San Juan College
- Former names: New Mexico College of Agriculture and Mechanic Arts, Farmington Branch NMSU, Farmington Branch NMSU, San Juan Branch
- Type: Public Community college
- Established: 1956 (part of NMSU)
- President: Toni Pendergrass
- Faculty: 142 full-time, 299 part-time (Fall 2021)
- Administrative staff: 321 full-time, 206 part-time (Fall 2021)
- Total staff: 463 full-time, 505 part-time (Fall 2021)
- Students: 5,846 (headcount, Fall 2021)
- Location: Farmington, New Mexico, United States
- Campus: Main campus and four branches ;
- Website: www.sanjuancollege.edu

= San Juan College =

Public college in Farmington, New Mexico, US

San Juan College is a public community college in Farmington, New Mexico.
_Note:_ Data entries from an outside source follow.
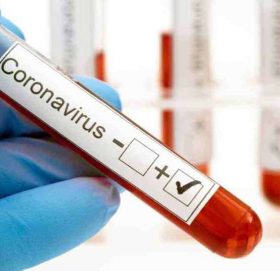 थप सात हजार ४ सय ४८ जना कोरोना भाइरस सङ्क्रमित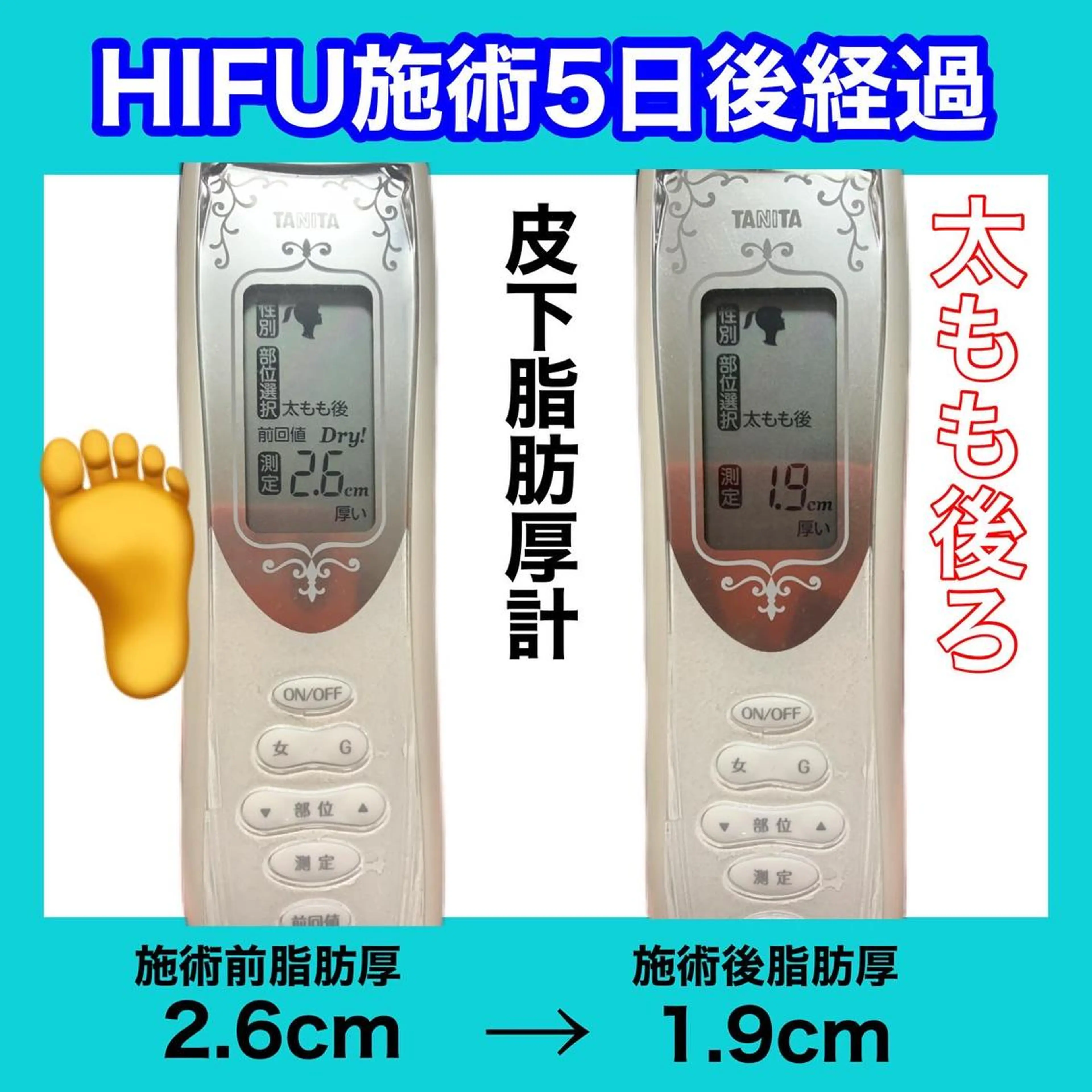 痩身/脱毛/ネイル HARUKAのエステ・リラクイメージ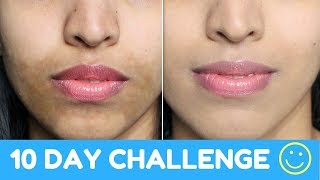 How To Get Even Skin Tone Naturally (Powerful Home Remedy)| Hyper Pigmentation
Founded in 1956 as a branch of the New Mexico College of Agriculture and Mechanical Arts, San Juan College became an independent community college following a county election in 1981.

==Awards==
In 2011, the San Juan College branch of the American Indian Science and Engineering Society earned the National Student Chapter of the Year award, and is the first community college to earn the national award formerly given at top schools such as Stanford University and the University of California, Los Angeles.

==Campuses ==
Source:
- Main Campus, Farmington, New Mexico
- 30th Street Education Center, Farmington, New Mexico
- East Campus, Aztec, New Mexico
- West Campus, Kirtland, New Mexico
- 800 S. Hutton Street Complex, Farmington, New Mexico

== Dual-credit program ==
San Juan College offers a dual-credit program to high school students who wish to earn college credits while they are still in high school. This program serves seven public school districts in Northwestern New Mexico, as well as nearby private and home-schooled students. Public school students do not pay for tuition and supplies (textbooks, etc.) as they are waived by the state. The San Juan College High school program is along the same lines. Districts across San Juan County send up to ten students to attend, where they earn their associates degree along with a high school diploma.